Message  Charlotte Mer 6 Oct - 23:40

Bonsoir, bon ben puisqu'on y est, je vous mets ce qui nous concerne et qu'il serait bien de lire d'après ce que j'ai compris, de Barthes, à savoir Y a-t-il une écriture poétique ?
Je vous souhaite une agréable lecture ^^

Y a-t-il une écriture poétique?

Aux temps classiques, la prose et la poésie sont des grandeurs, leur différence est mesurable; elles ne sont ni plus ni moins éloignées que deux nombres différents, comme eux contiguës, mais autres par la différence même de leur quantité. Si j'appelle prose un discours minimum, véhicule le plus économique de la pensée, et si j'appelle a, b, c, des attributs particuliers du langage, inutiles mais décoratifs, tels que le mètre, la rime ou le rituel des images, toute la surface des mots se logera dans la double équation de M. Jourdain :
Poésie = Prose + a + b + c
Prose = Poésie - a - b - c
D'où il ressort évidemment que la Poésie est toujours différente de la Prose. Mais cette différence n'est pas d'essence, elle est de quantité. Elle n'attente donc pas à l'unité du langage, qui est un dogme classique. On dose différemment les façons de parler selon les occasions sociales, ici, prose ou éloquence, là, poésie ou préciosité, tout un rituel mondain des expressions, mais partout un seul langage, qui réfléchit les catégories éternelles de l'esprit La poésie classique n'était sentie que comme une variation ornementale de la Prose, le fruit d'un art (c'est-à-dire d'une technique), jamais comme un langage différent ou comme le produit d'une sensibilité particulière.

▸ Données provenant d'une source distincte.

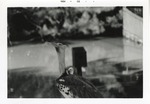 [1968-11] Close-up of a Kori bustard at Crandon Park Zoo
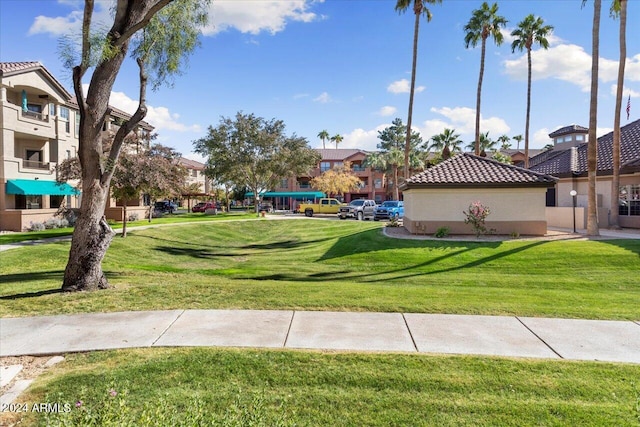 view of community featuring a lawn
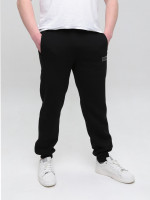 Спортивні штани чоловічі чорні джогери на флісі 0229-1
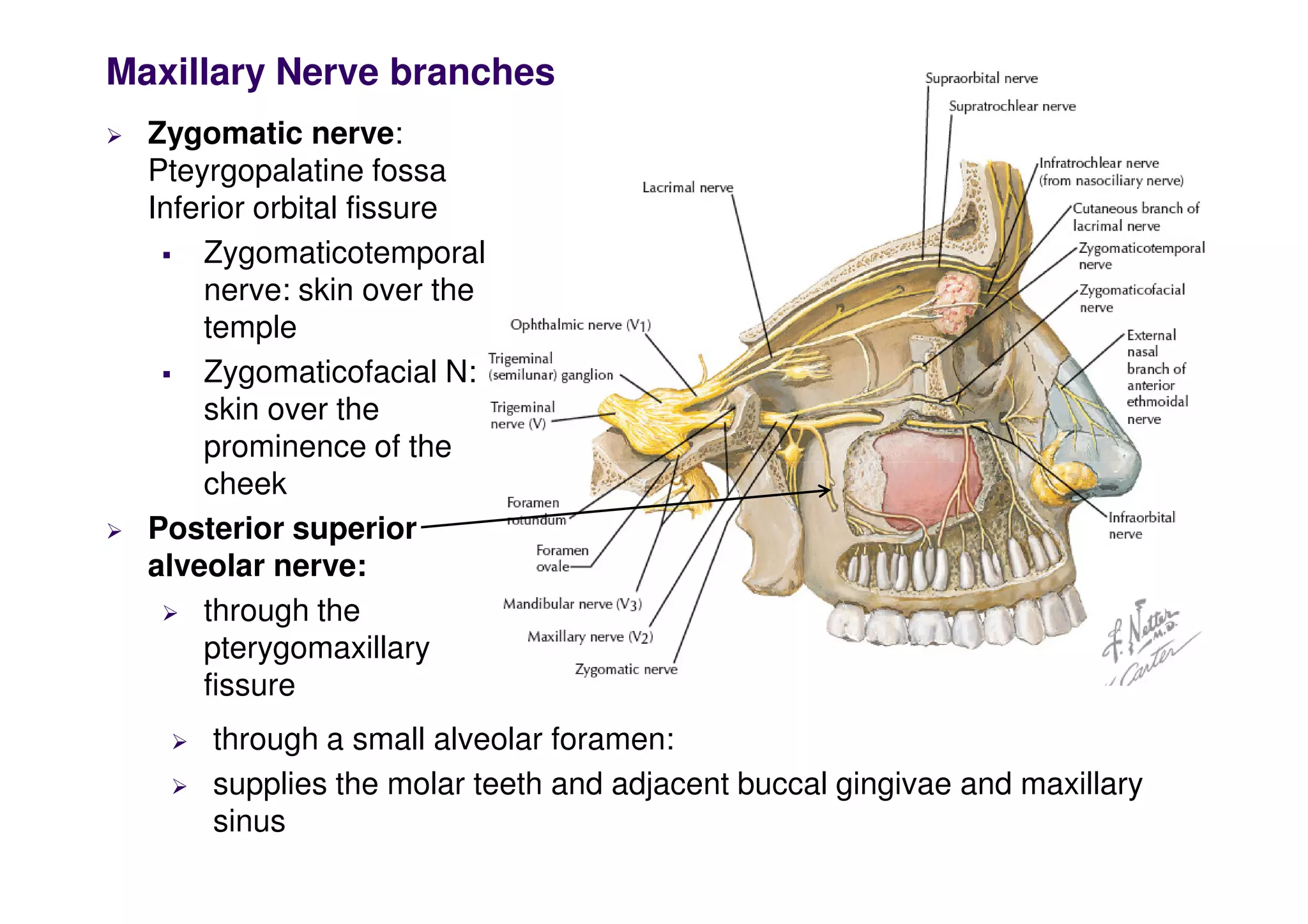 Maxillary Nerve branches
 Zygomatic nerve:
Pteyrgopalatine fossa
Inferior orbital fissure
 Zygomaticotemporal
nerve: skin over the
temple
 Zygomaticofacial N:
skin over the
prominence of the
prominence of the
cheek
 Posterior superior
alveolar nerve:
 through the
pterygomaxillary
fissure
 through a small alveolar foramen:
 supplies the molar teeth and adjacent buccal gingivae and maxillary
sinus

Toute poésie n'est alors que l'équation décorative, allusive ou chargée, d'une prose virtuelle qui gît en essence et en puissance dans n'importe quelle façon de s'exprimer. « Poétique », aux temps classiques, ne désigne aucune étendue, aucune épaisseur particulière du sentiment, aucune cohérence, aucun univers séparé, mais seulement l'inflexion d'une technique verbale, celle de « s'exprimer » selon des règles plus belles, donc plus sociales que celles de la conversation, c'est-à-dire de projeter hors d'une pensée intérieure issue tout armée de l'Esprit, une parole socialisée par l'évidence même de sa convention.

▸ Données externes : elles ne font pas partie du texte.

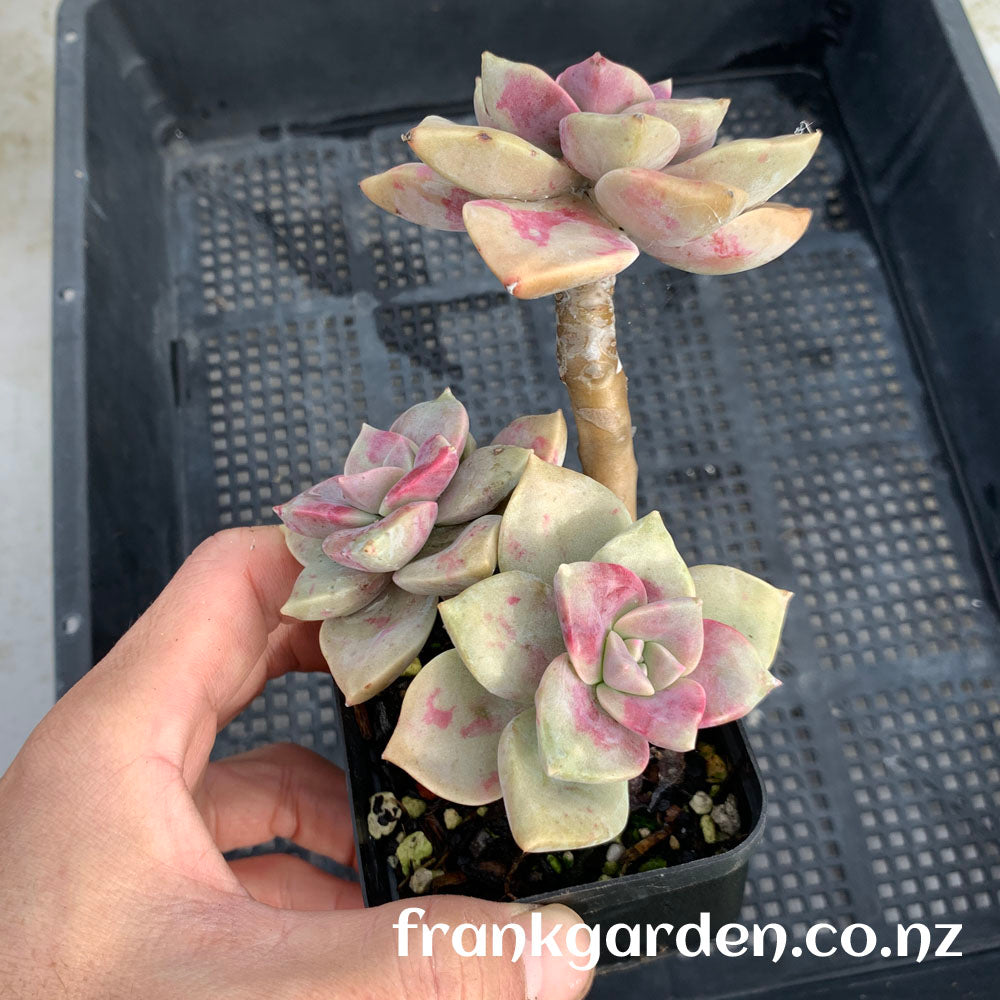 Echeveria Purple delight | 紫乐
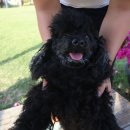 코코애견펜션 이미지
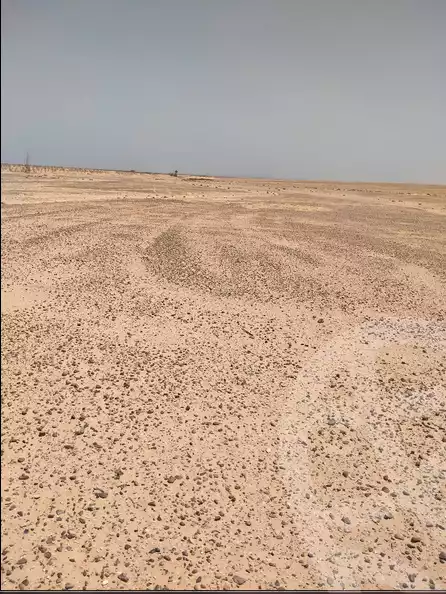 https://aqarmap.com.eg/en/listing/6164512-for-sale-beheira-wadi-el-natrun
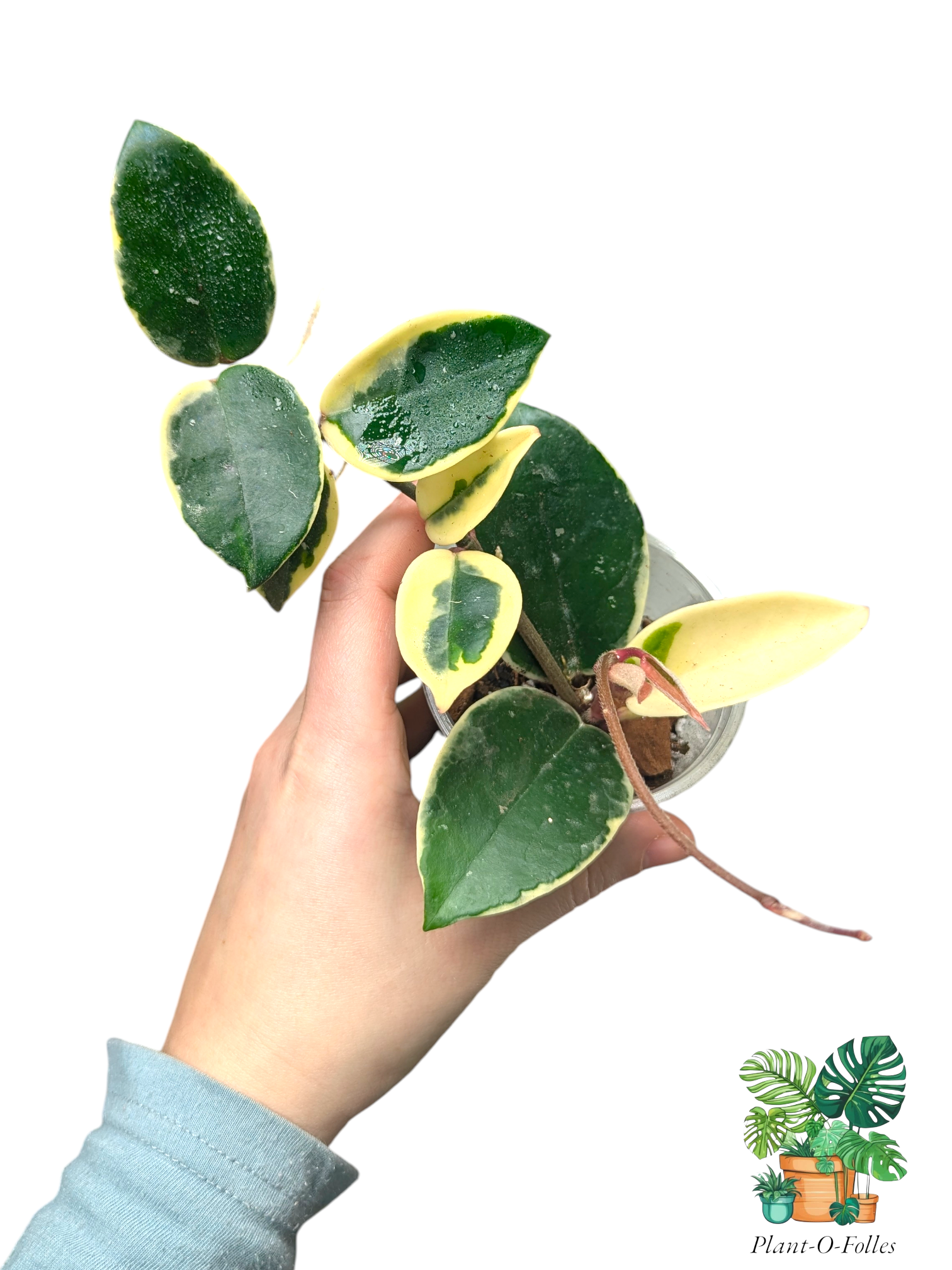 Hoya carnosa ‘Krimson Queen’ – Variété tropicale panachée - Plant - O - Folles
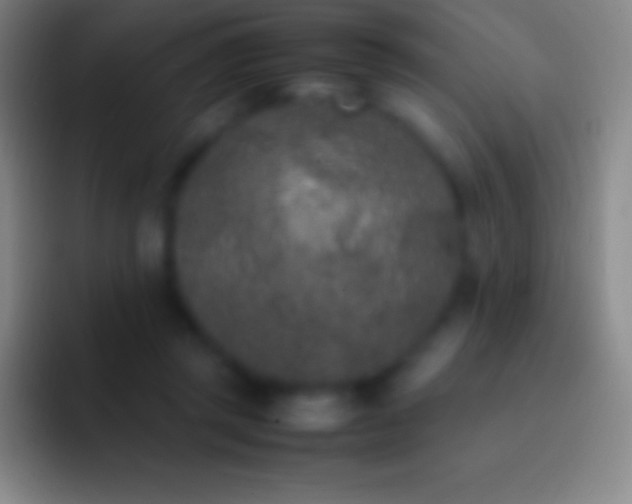 X0000092330357200709211311
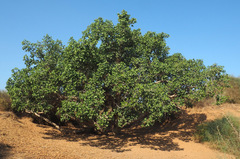 Ficus sycomorus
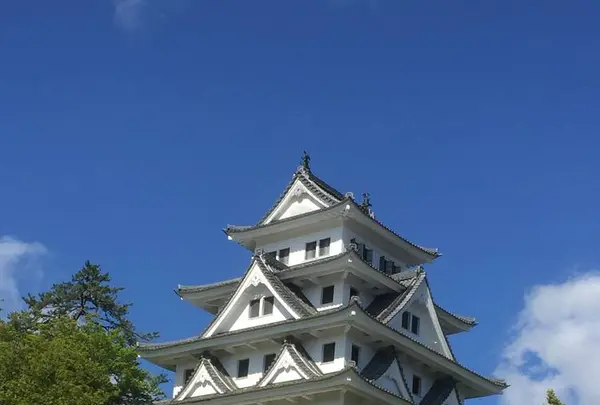 郡上八幡城の写真・動画_image_272918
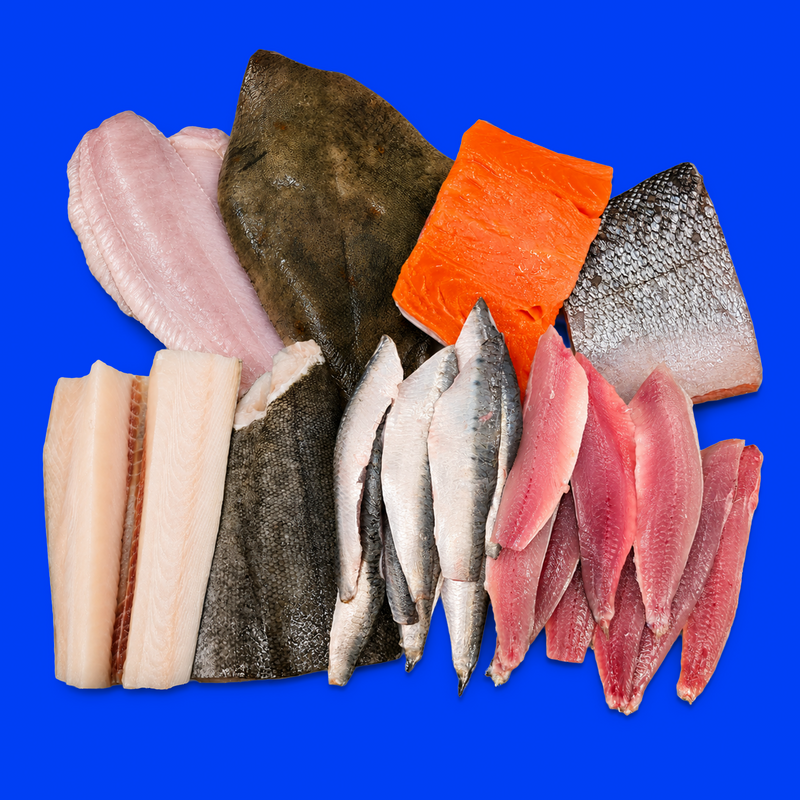 Family fish box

De cette structure, on sait qu'il ne reste rien dans la poésie moderne, celle qui part, non de Baudelaire, mais de Rimbaud, sauf à reprendre sur un mode traditionnel aménagé les impératifs formels de la poésie classique : les poètes instituent désormais leur parole comme une Nature fermée, qui embrasserait à la fois la fonction et la structure du langage. La Poésie n'est plus alors une Prose décorée d'ornements ou amputée de libertés. Elle est une qualité irréductible et sans hérédité. Elle n'est plus attribut, elle est substance et, par conséquent, elle peut très bien renoncer aux signes, car elle porte sa nature en elle, et n'a que faire de signaler à l'extérieur son identité : les langages poétiques et prosaïques sont suffisamment séparés pour pouvoir se passer des signes mêmes de leur altérité.

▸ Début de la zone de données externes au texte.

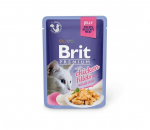 Brit Premium Delicate Files In Jelly kanaga, 85 g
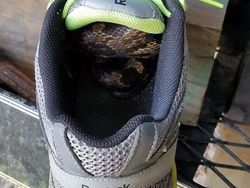 Deretan Foto Hewan dan Tumbuhan Bikin Merinding Saat Dilihat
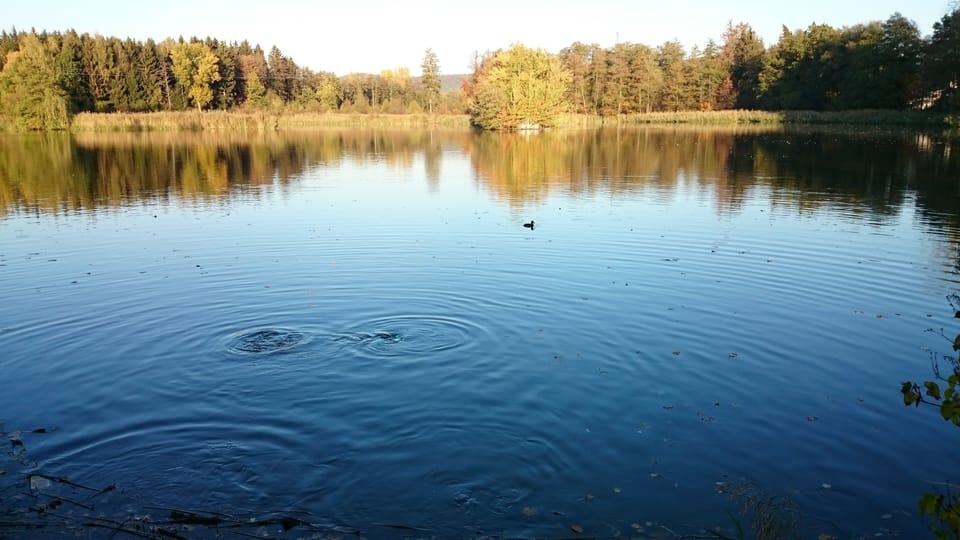 Lake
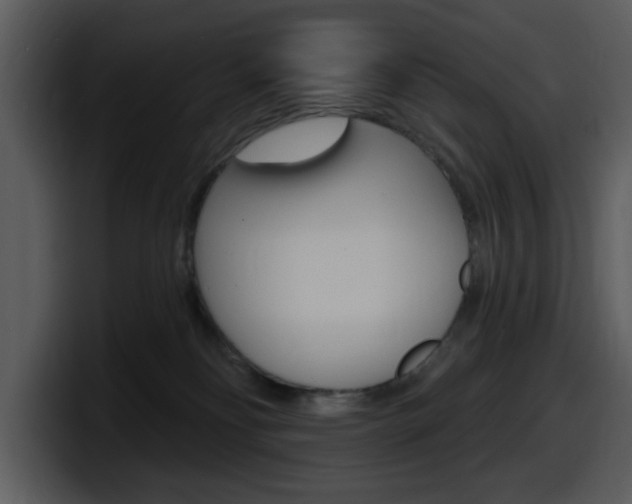 X0000098090134200804040734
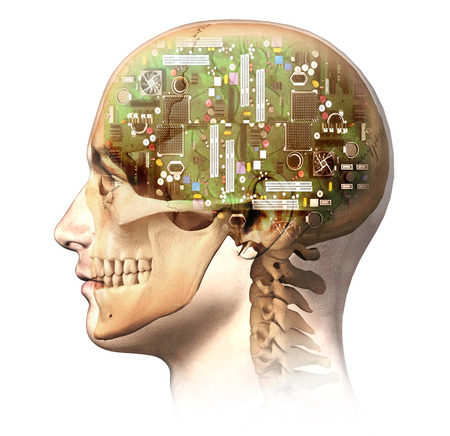 Male human head with skull and artificial electronic circuit brain in ghost effect, side view. Anatomy image, on white background, with clipping path.の写真素材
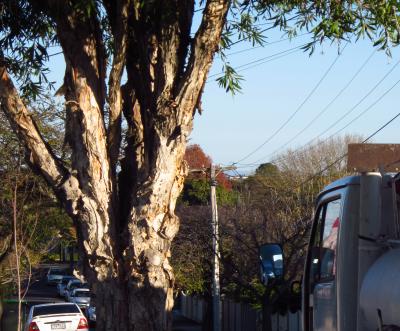 Brisbane Ranges glimpse, 15/5/2016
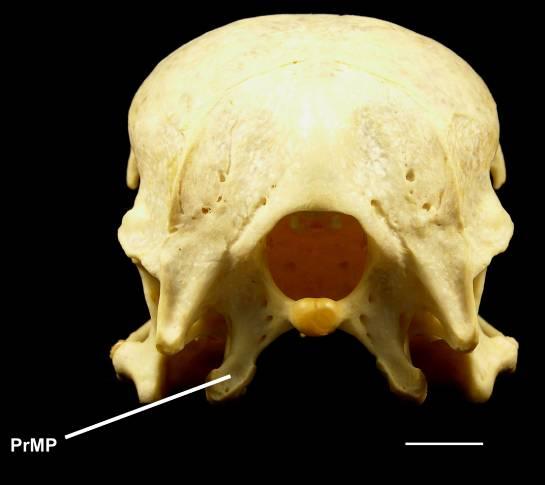 Os demais táxons estudados não apresentam tal expansão. 4.1.2. OS PARASPHENOIDALE, OS BASISPHENOIDALE, OS LATEROSPHENOIDALE, OS SQUAMOSUM [29] Tamanho do processo medial da lâmina parasfenoidal.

En outre, les rapports prétendus de la pensée et du langage sont inversés; dans l'art classique, une pensée toute formée accouche d'une parole qui l'« exprime », la « traduit ». La pensée classique est sans durée, la poésie classique n'a que celle qui est nécessaire à son agencement technique. Dans la poétique moderne, au contraire, les mots produisent une sorte de continu formel dont émane peu à peu une densité intellectuelle ou sentimentale impossible sans eux; la parole est alors le temps épais d'une gestation plus spirituelle, pendant laquelle la « pensée » est préparée, installée peu à peu par le hasard des mots. Cette chance verbale, d'où va tomber le fruit mûr d'une signification, suppose donc un temps poétique qui n'est [34] plus celui d'une « fabrication », mais celui d'une aventure possible, la rencontre d'un signe et d'une intention. La poésie moderne s'oppose à l'art classique par une différence qui saisit toute la structure du langage, sans laisser entre ces deux poésies d'autre point commun qu'une même intention sociologique.
L'économie du langage classique (Prose et Poésie) est relationnelle, c'est-à-dire que les mots y sont abstraits le plus possible au profit des rapports. Aucun mot n'y est dense par lui-même, il est à peine le signe d'une chose, il est bien plus la voie d'une liaison. Loin de plonger dans une réalité intérieure consubstantielle à son dessin, il s'étend, aussitôt proféré, vers d'autres mots, de façon à former une chaîne superficielle d'intentions. Un regard sur le langage mathématique permettra peut-être de comprendre la nature relationnelle de la prose et de la poésie classiques : on sait que dans l'écriture mathématique, non seulement chaque quantité est pourvue d'un signe, mais encore les rapports qui lient ces quantités sont eux aussi transcrits, par une marque d'opération, d'égalité ou de différence; on peut dire que tout le mouvement du continu mathématique provient d'une lecture explicite de ses liaisons. Le langage classique est animé par un mouvement analogue, bien qu'évidemment moins rigoureux : ses » mots », neutralisés, absentés par le recours sévère à une tradition qui absorbe leur fraîcheur, fuient l'accident sonore ou sémantique qui concentrerait en un point la saveur du langage et en arrêterait le mouvement intelligent au profit d'une volupté mal distribuée. Le continu classique est une succession d'éléments dont la densité est égale, soumis à une même pression émotionnelle, et retirant d'eux toute tendance à une signification individuelle et comme inventée. Le lexique poétique lui-même est un lexique d'usage, non d'invention : les images y sont particulières en [35] corps, non isolément, par coutume, non par création. La fonction du poète classique n'est donc pas de trouver des mots nouveaux, plus denses ou plus éclatants, il est d'ordonner un protocole ancien, de parfaire la symétrie ou la concision d'un rapport, d'amener ou de réduire une pensée à la limite exacte d'un métré. Les concetti classiques sont des concetti de rapports, non de mots : c'est un art de l'expression, non de l'invention; les mots, ici, ne reproduisent pas comme plus tard, par une sorte de hauteur violente et inattendue, la profondeur et la singularité d'une expérience; ils sont aménagés en surface, selon les exigences d'une économie élégante ou décorative. Oo s'enchante de la formulation qui les assemble, non de leur puissance ou de leur beauté propres.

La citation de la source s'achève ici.